DIRECTIONS. Whatever pictures the entries hold, omit them, and output exactly the lines from the one containing "Social Software Weblog" through the final line.

MATERIAL SUPPLIED.
↓↓↓
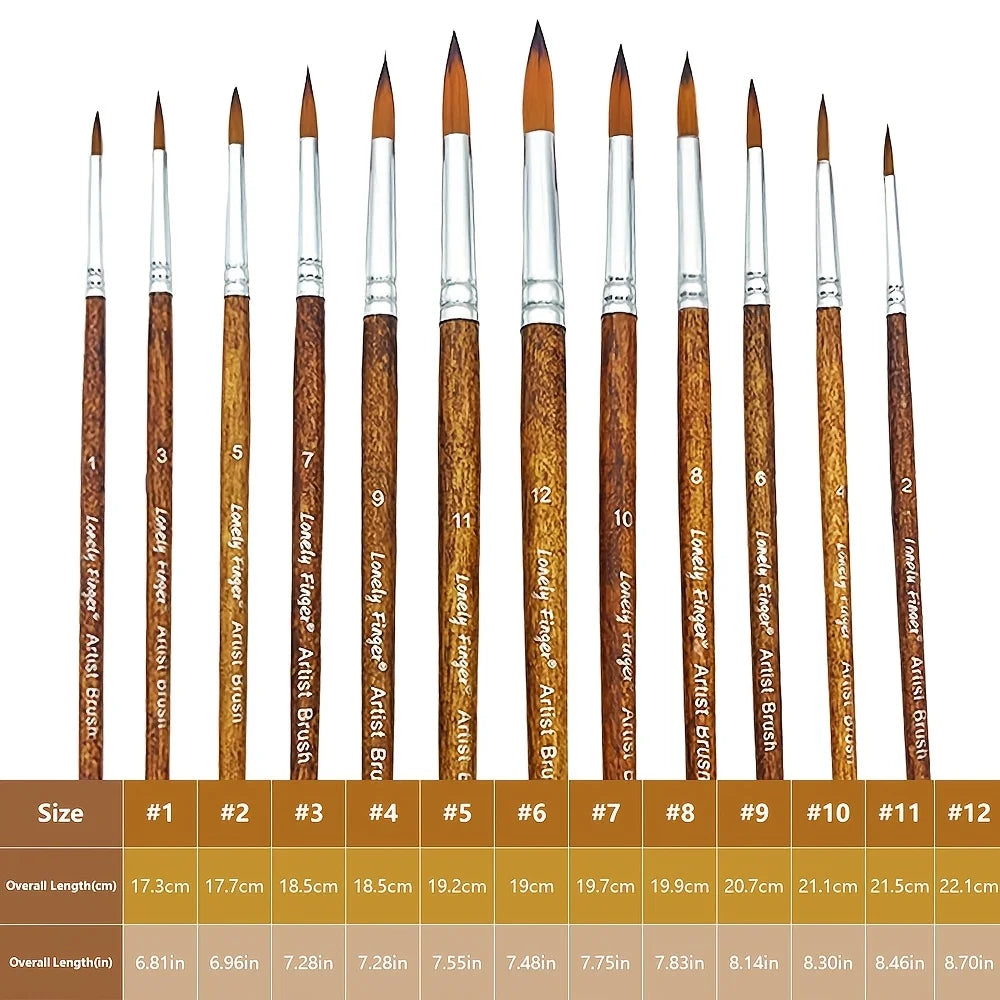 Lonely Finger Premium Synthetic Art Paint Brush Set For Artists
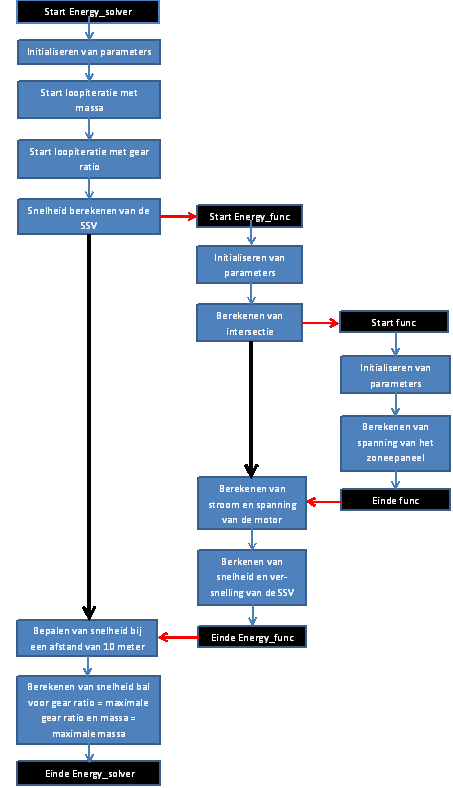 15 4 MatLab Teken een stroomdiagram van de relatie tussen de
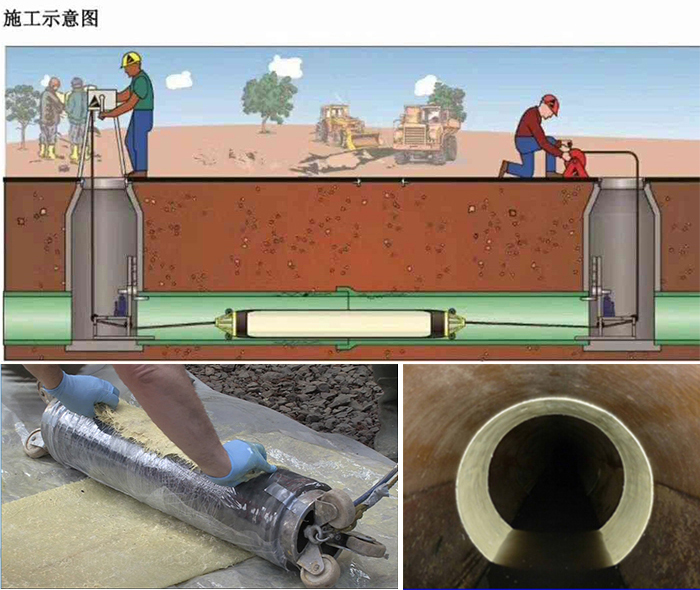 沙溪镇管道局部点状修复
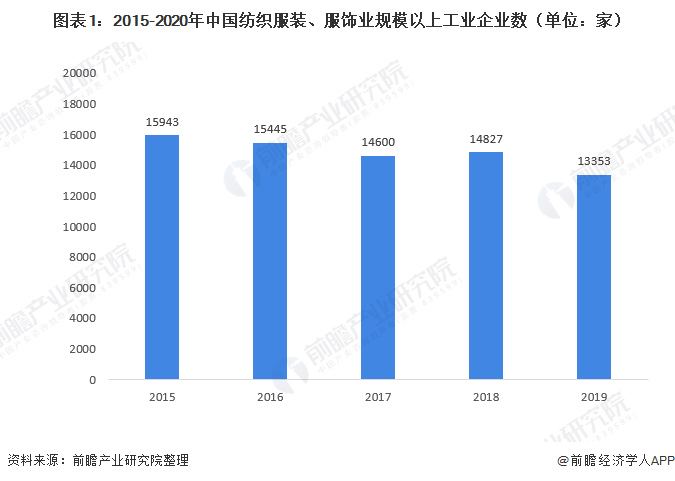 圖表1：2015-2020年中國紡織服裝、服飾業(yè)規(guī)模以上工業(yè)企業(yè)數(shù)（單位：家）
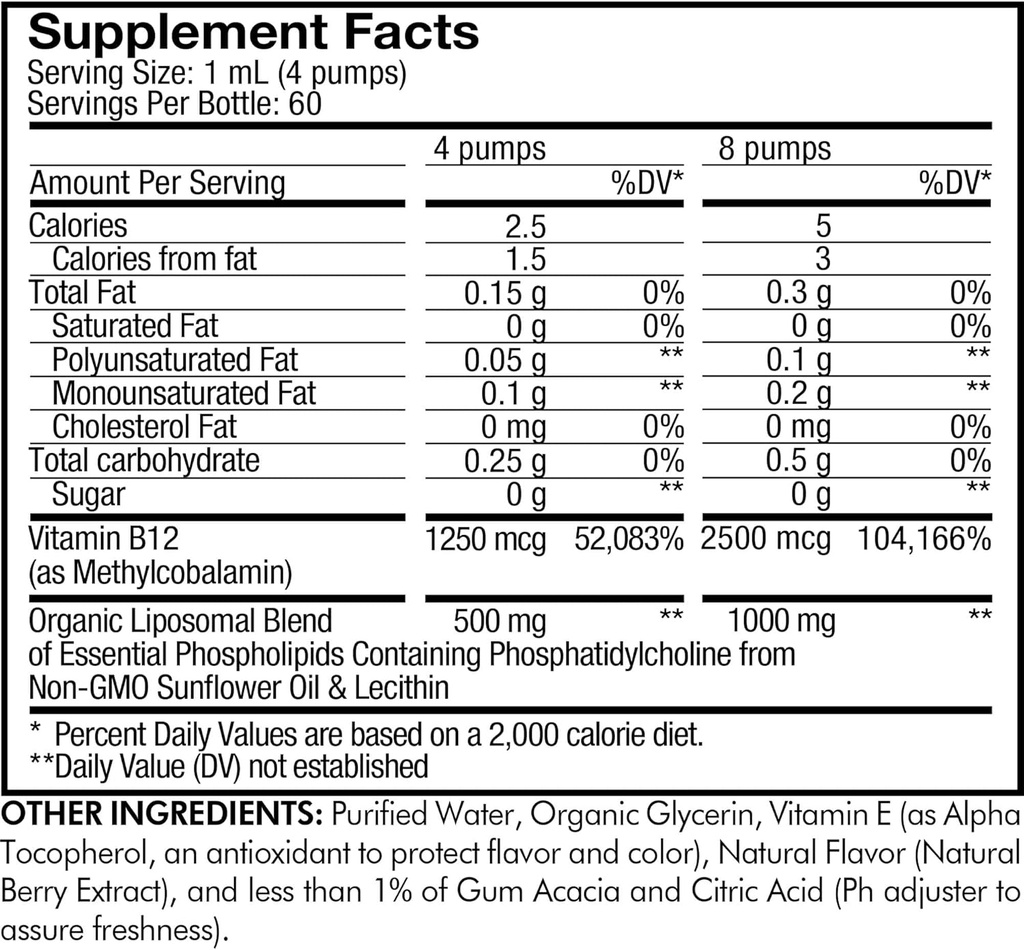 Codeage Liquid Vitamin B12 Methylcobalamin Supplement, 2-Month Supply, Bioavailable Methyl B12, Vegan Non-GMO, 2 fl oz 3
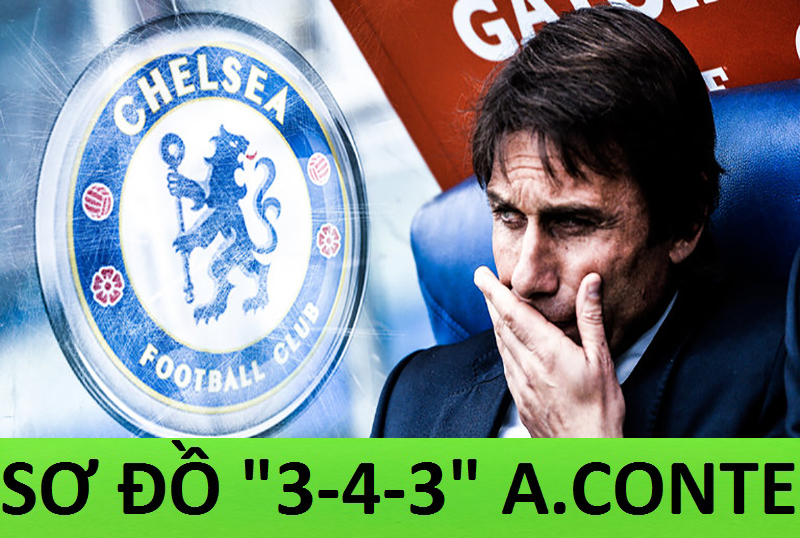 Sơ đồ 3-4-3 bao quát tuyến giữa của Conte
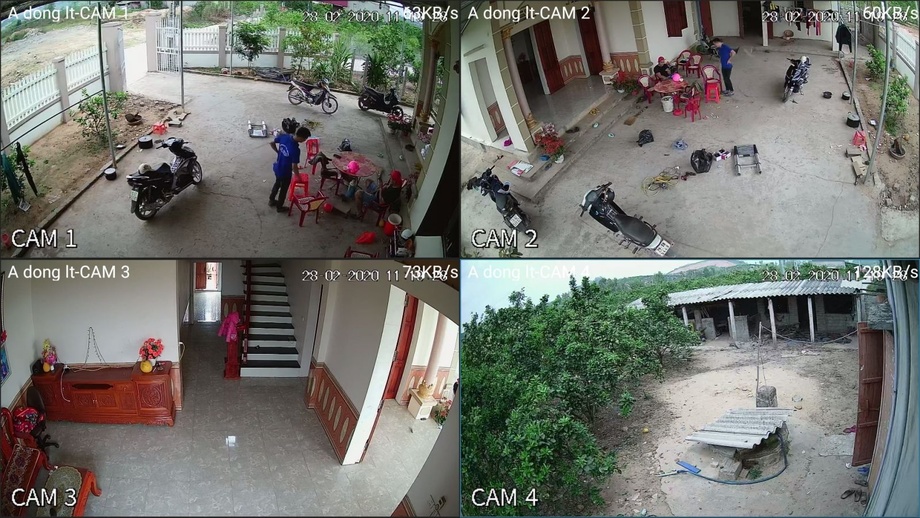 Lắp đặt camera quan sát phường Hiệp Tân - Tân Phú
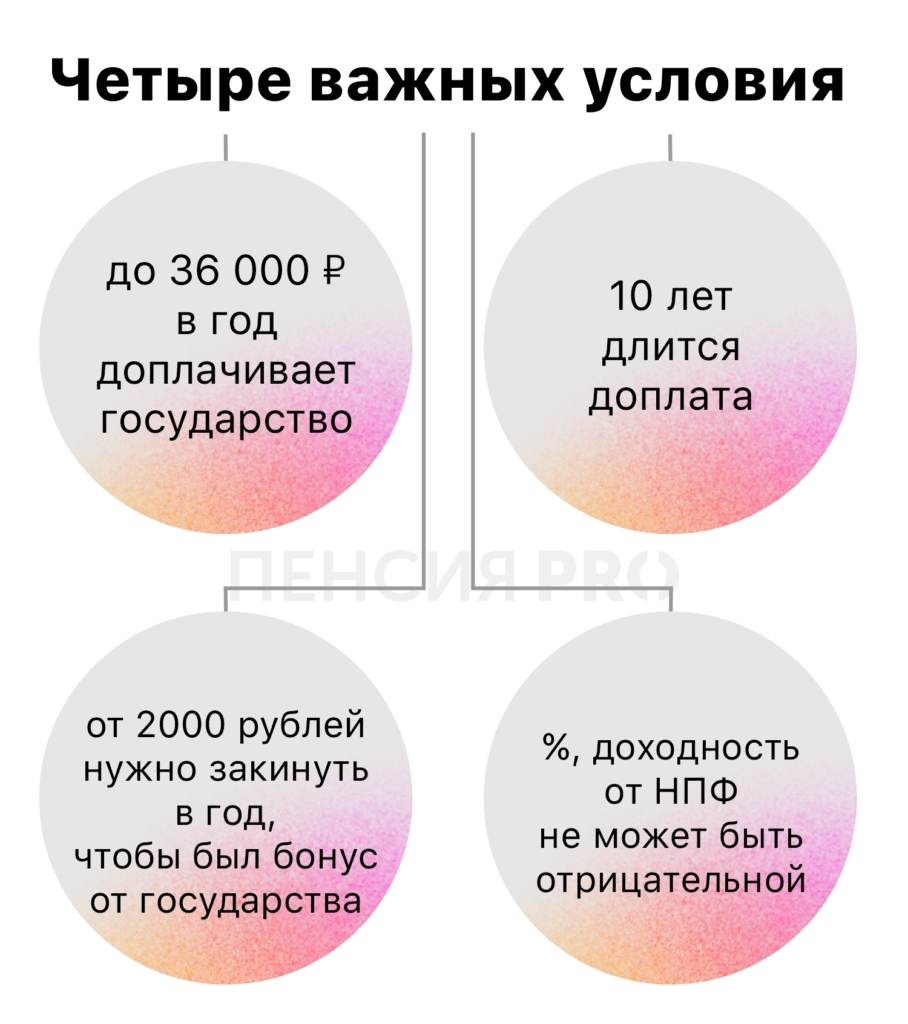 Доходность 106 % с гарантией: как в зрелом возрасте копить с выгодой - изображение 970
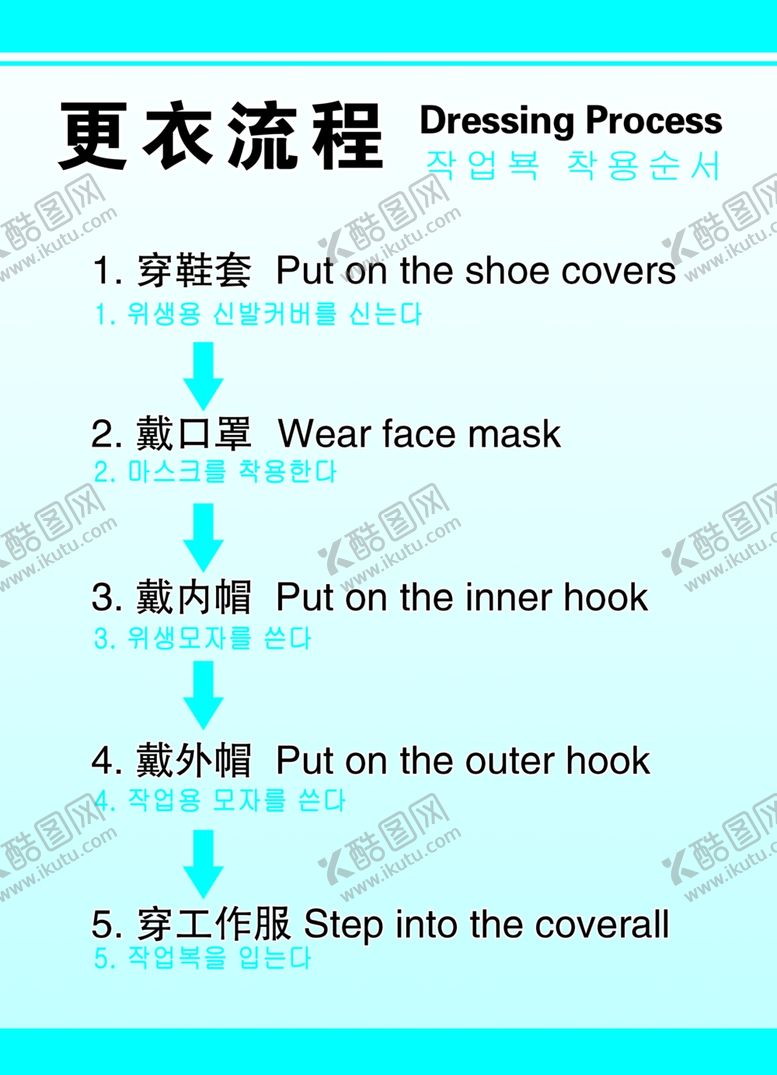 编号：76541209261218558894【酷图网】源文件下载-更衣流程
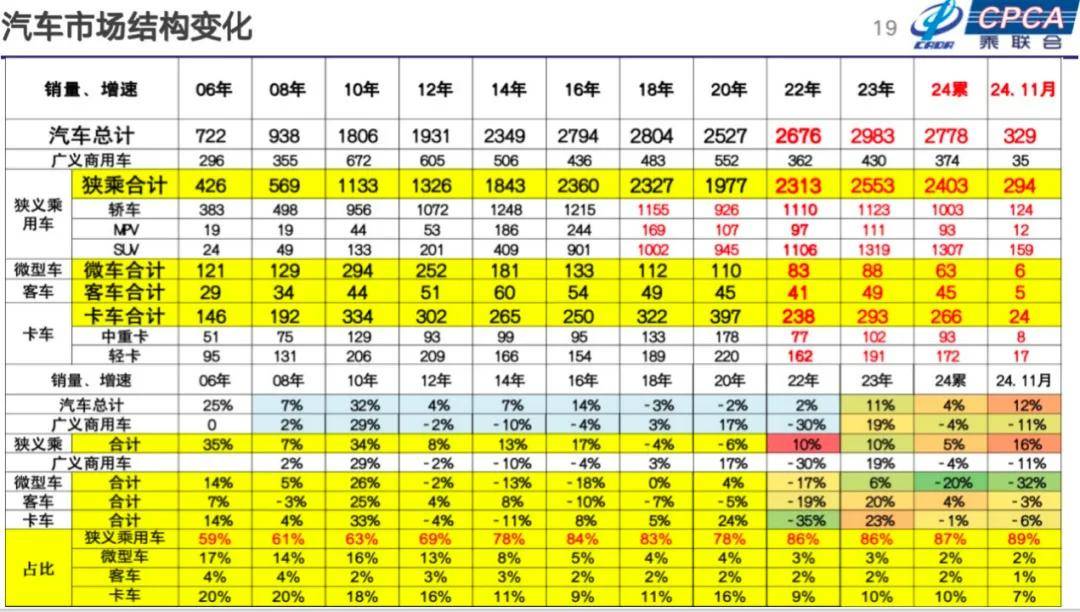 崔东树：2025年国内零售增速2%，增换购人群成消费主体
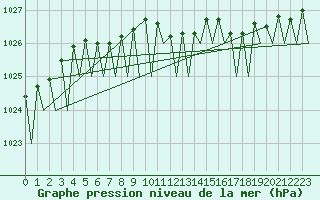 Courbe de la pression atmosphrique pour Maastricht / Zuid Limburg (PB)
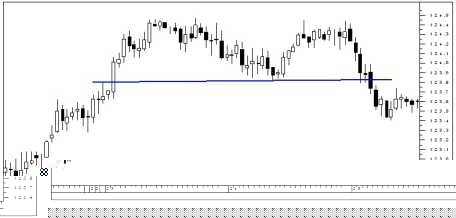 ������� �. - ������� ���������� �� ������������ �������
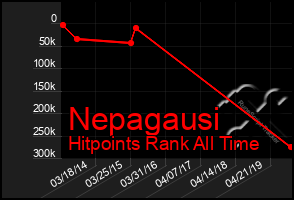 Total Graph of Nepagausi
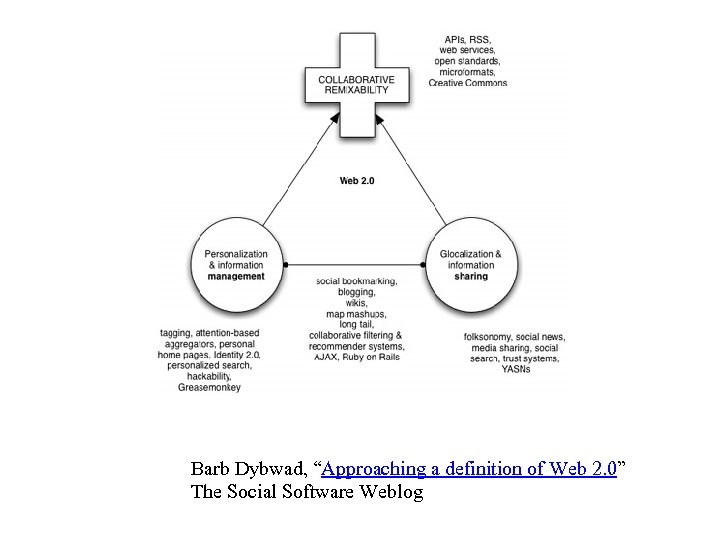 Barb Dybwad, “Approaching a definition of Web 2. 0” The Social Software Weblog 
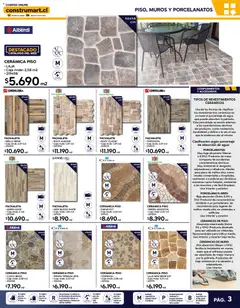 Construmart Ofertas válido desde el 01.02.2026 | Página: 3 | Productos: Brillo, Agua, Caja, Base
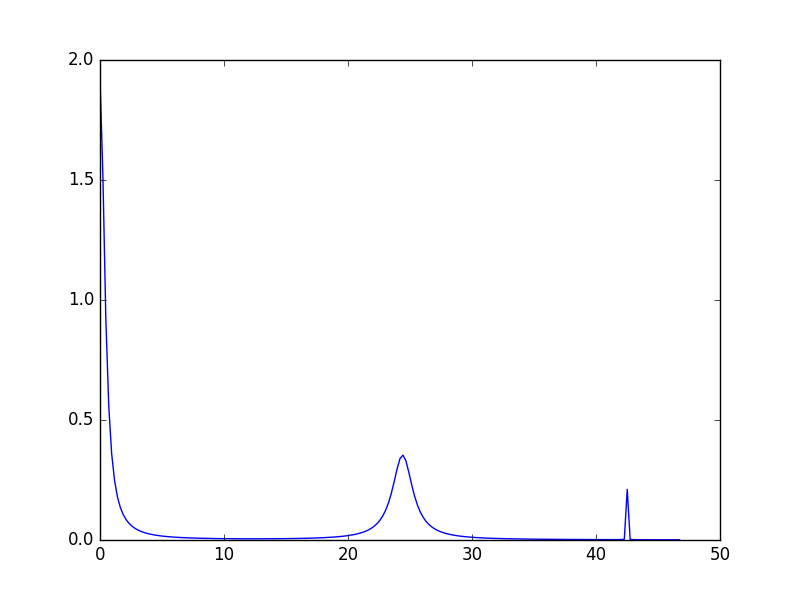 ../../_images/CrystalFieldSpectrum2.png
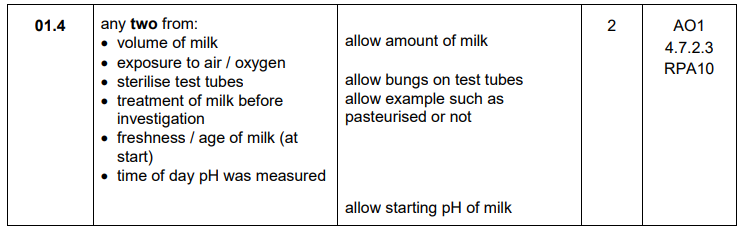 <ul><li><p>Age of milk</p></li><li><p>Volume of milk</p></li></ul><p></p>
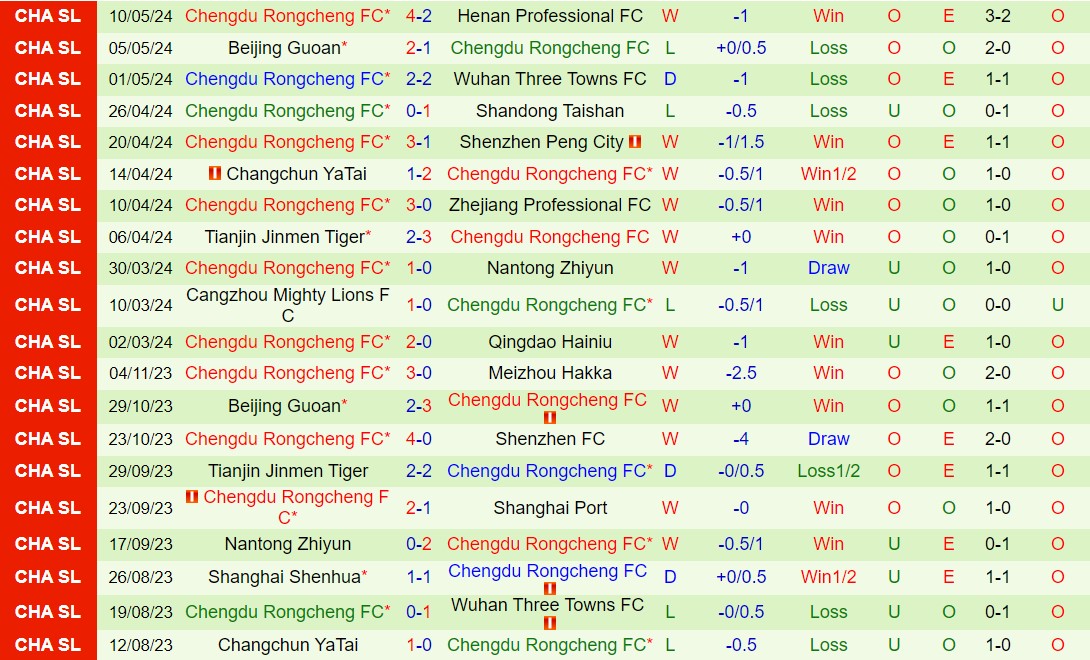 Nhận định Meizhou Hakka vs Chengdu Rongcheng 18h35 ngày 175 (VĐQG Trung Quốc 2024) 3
↑↑↑
WRITTEN ANSWER.
 Barb Dybwad, “Approaching a definition of Web 2. 0” The Social Software Weblog 
 Construmart Ofertas válido desde el 01.02.2026 | Página: 3 | Productos: Brillo, Agua, Caja, Base
 ../../_images/CrystalFieldSpectrum2.png
 <ul><li><p>Age of milk</p></li><li><p>Volume of milk</p></li></ul><p></p>
 Nhận định Meizhou Hakka vs Chengdu Rongcheng 18h35 ngày 175 (VĐQG Trung Quốc 2024) 3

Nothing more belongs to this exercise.